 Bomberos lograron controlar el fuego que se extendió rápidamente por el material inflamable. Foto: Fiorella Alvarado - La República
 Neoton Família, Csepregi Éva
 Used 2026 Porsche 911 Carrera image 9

* What you need to do: Without altering a single word, repeat the material.

* Result of this task:
 Bomberos lograron controlar el fuego que se extendió rápidamente por el material inflamable. Foto: Fiorella Alvarado - La República
 Neoton Família, Csepregi Éva
 Used 2026 Porsche 911 Carrera image 9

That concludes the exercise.